I was recently interviewed by a reporter from Money Magazine about what to do when a family realizes that the “dream school” is unaffordable.
Here’s the lede from the article:
You meant it when you said, “Study hard in high school, and we’ll send you to the best college you get into.” But now you’re looking at the cost of Dream U — and panicking.
I was quoted in a couple places in the article, which also appears on the CNN/Money website.
“Ideally, parents would have the affordability conversation when the child is starting high school so he or she can be realistic,” says Mark Montgomery, a college-admissions adviser in Denver.
And also here:
Make a game plan: “Let’s figure out what our options are.”
Why this works: “You’re getting the family working together as a team” while nudging the child to take responsibility for charting his own future, says Montgomery. Offer help with options that won’t harm the family’s finances, such as applying for more aid, starting out at a lower-cost school, or deferring for a year to allow Junior to work and save.
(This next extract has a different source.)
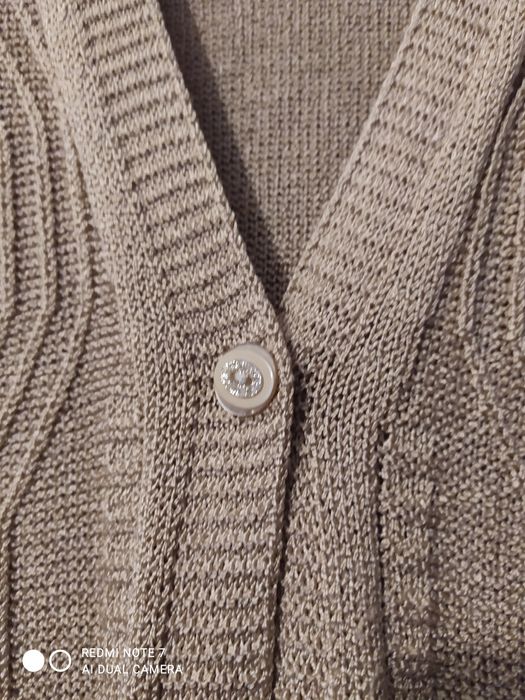 Sweter damski rozpinany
It was fun to be interviewed for this important article. It’s true that too many families don’t think about financing a higher education before the admissions process starts. In fact, I’ve had a number of phone calls this month from families who are panicked about how to pay for the “dream school” to which Junior has happily been accepted.
Some of the greatest pain I feel as a counselor is when I observe students and families taking on way more debt than they can afford to finance. They mistakenly believe that they are providing their progeny with opportunity; but that huge debt load is more likely to be come the anvil that will weigh the kid down for a lifetime.